Ultimate Discipline

December 24, 2018 0 By Tenzin Gyatso

By cyclistmike On September 8, 2015

Spirituality is a very energetic word, and it inspires notions of peace, understanding and compassion. Discipline is a similar such word but it’s lacking any sort of excitement. Discipline however is the foundational principle of true spiritual practice. However we could separate the two, because discipline is it’s own practice. The discipline we are talking about is self discipline, born and practiced internally, it is a very personal thing
This discipline is not a punishment and is not a coach or anyone else telling ushow to be. This discipline is the desire of our highest intelligence to be the best we can be. This is the discipline that hears the suggestions how we should practice, and takes that initiative. This discipline is not re-iterating the words of another about how we should be, it’s being those words and trusting that will be enough. This discipline is boring.

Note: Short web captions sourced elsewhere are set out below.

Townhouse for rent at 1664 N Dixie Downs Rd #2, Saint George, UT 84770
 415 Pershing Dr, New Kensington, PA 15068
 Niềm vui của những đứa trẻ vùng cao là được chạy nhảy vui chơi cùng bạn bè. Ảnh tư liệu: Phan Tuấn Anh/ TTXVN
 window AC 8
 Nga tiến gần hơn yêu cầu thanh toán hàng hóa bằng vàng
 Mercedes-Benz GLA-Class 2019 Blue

     Now if spirituality is a serious thing, it’s kind of funny how serious people make their spirituality, when it should be a simple expression in itself. Unfortunately the idea of having comes into play. People aren’t practicing, they have spirituality. It becomes a thing and we use it to identify who we are. “I am a ‘spiritual person’ and I would never do any sort of thing that would compromise my spirituality” is a humorous idea. Unfortunately a lot of us do this. We are spiritual and we dogmatically avoid certain things because we have begun to practice a personal religion.
     This is to say, we avoid certain situations because that would taint our personal identity, we are so serious about maintaining this identity. We forget that we are not just what we think we are. Instead we go through all the hard work to maintain and secure the idea of what we think we are! Then if we get anywhere near perfection of this identity we also have to defend it, this leads to more avoidance, and even stronger avoidance of compromising situations. This is a certain kind of intolerance.

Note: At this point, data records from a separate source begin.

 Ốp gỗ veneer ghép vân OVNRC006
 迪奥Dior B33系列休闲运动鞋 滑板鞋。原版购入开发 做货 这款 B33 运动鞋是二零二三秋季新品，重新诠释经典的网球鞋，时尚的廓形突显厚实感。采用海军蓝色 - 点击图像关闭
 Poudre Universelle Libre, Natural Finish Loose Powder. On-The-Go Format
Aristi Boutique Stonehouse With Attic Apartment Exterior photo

Spirituality is like a boat sitting at a marina. Let’s call one boat ‘Spirituality’ and one boat ‘Discipline.’
Spirituality is the vessel that doesn’t go out in rough conditions, it has a beautiful well manicured crew, and it’s a nice looking vessel. It is kept and used on nice days, pleasant weekends and it generally keeps everyone happy. Guests come and guest go from Spirituality and no one’s feelings get hurt. People drink alcohol and carouse of course, but if anyone starts to become trouble their generally shipped off somewhere else and not invited back. Spirituality is a pretty soft place and it’s a somewhat exclusive club. It’s not that you have to try really hard to fit in, it’s that you either fit in or you leave. This is the vessel Spirituality, without a core practice of discipline.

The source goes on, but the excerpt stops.